◆ **Activity**:
Every line in the data below has to be repeated exactly; no picture belongs in the result.

◆ **Dataset extract**:
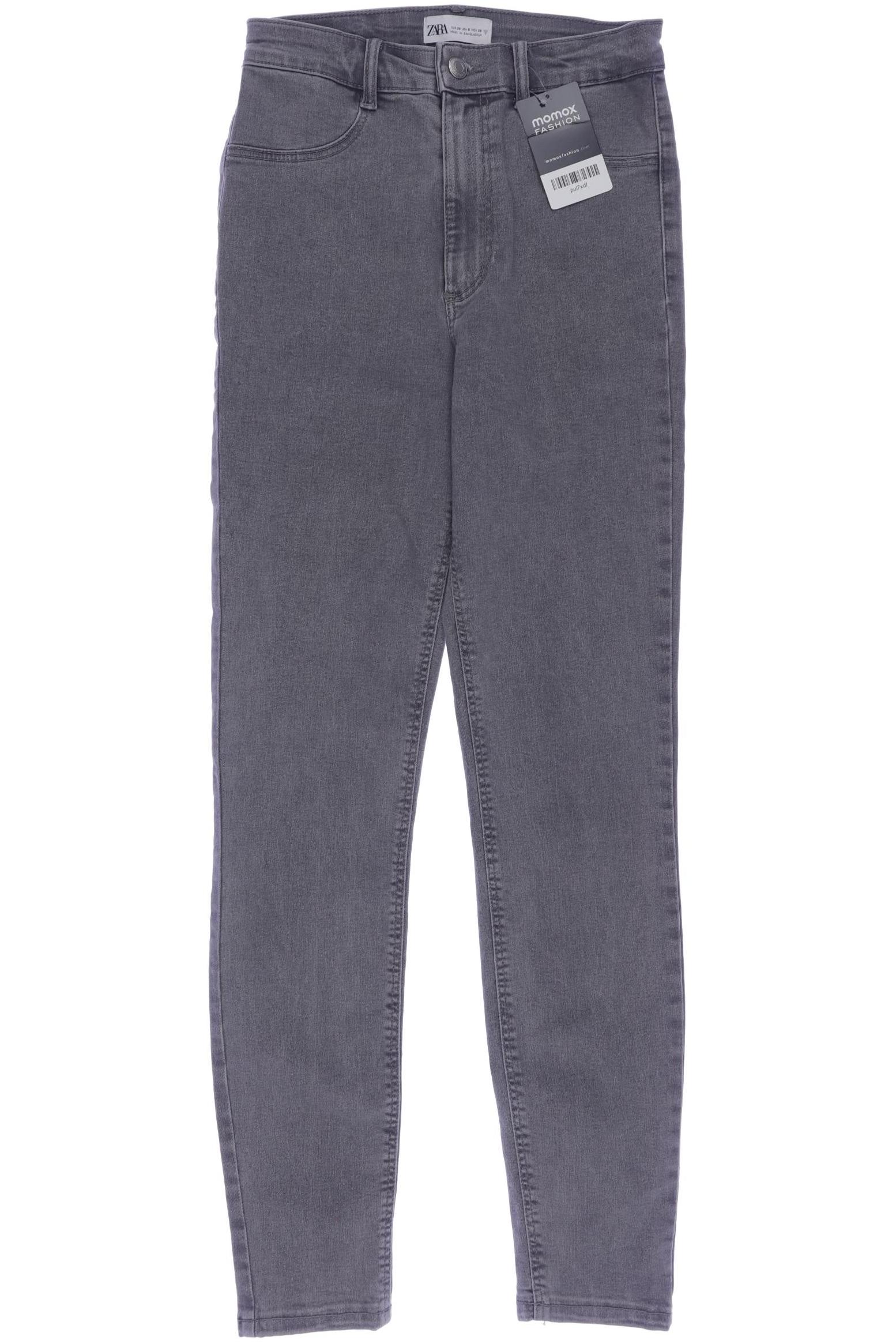 

Zara Damen Jeans, grau, Gr. 38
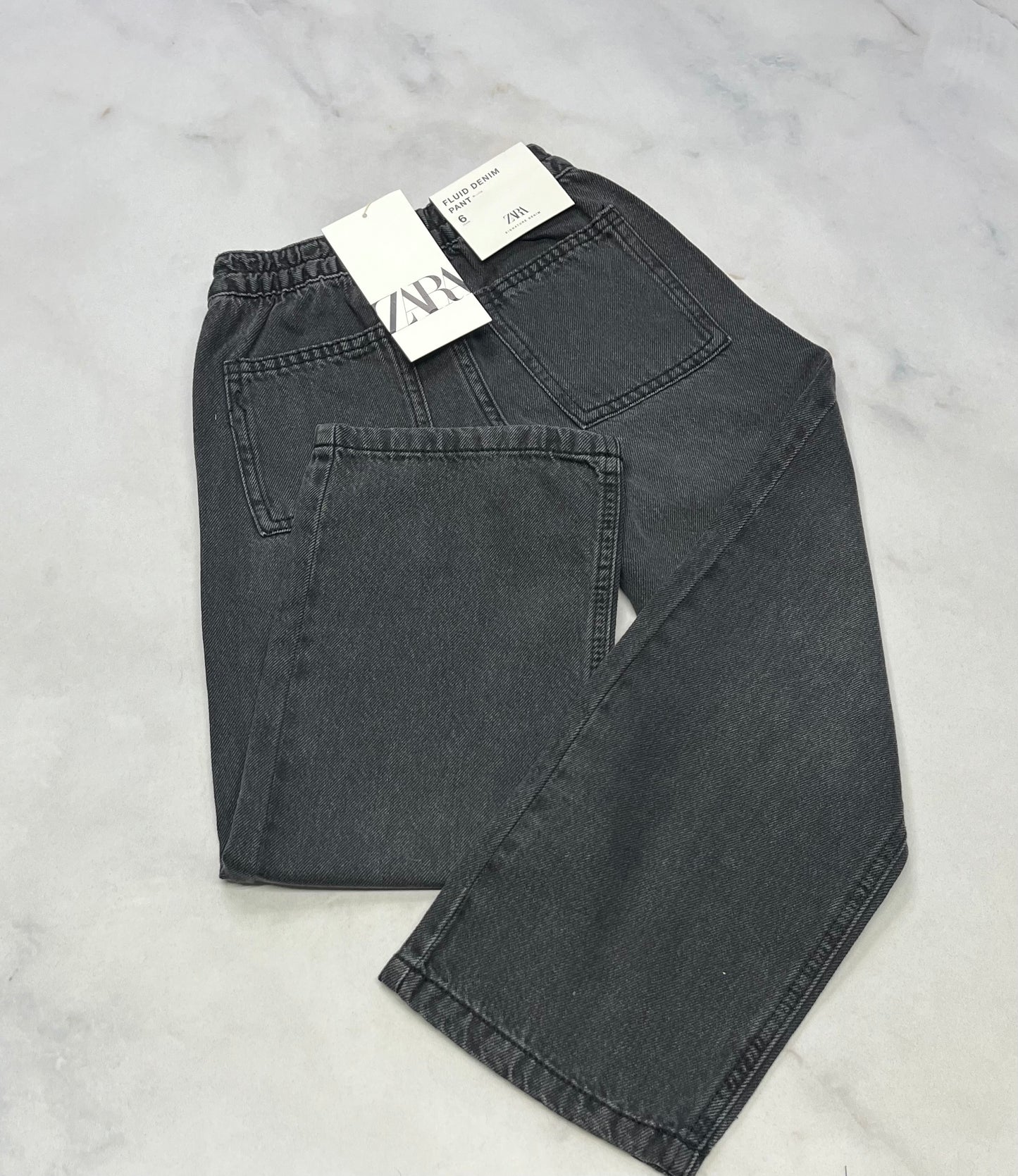 ZARA : Jeans fluide jambe large neuve ! 6 ans fille .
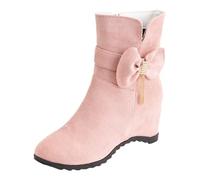 CuteFlats Stivaletti comodi con tacco da donna, Colore: rosa., 37 EU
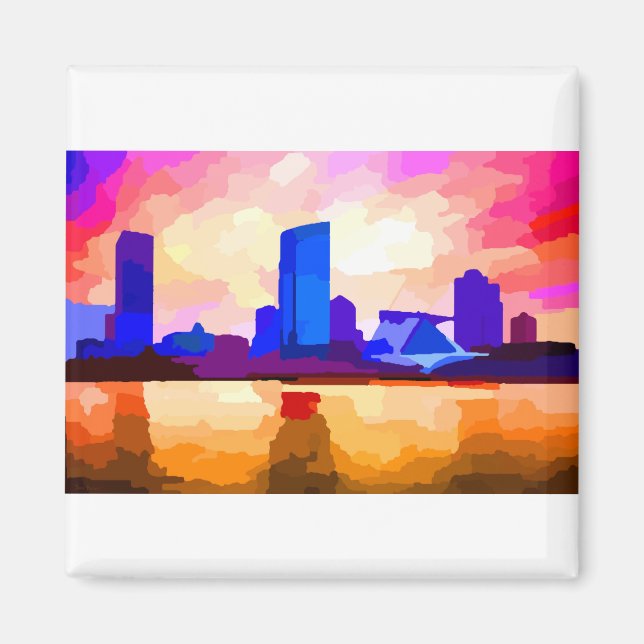 Milwaukee Wisconsin Skyline bei Sunset Magnet (Vorne)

◆ **Your solution**:
Zara Damen Jeans, grau, Gr. 38
 ZARA : Jeans fluide jambe large neuve ! 6 ans fille .
 CuteFlats Stivaletti comodi con tacco da donna, Colore: rosa., 37 EU
 Milwaukee Wisconsin Skyline bei Sunset Magnet (Vorne)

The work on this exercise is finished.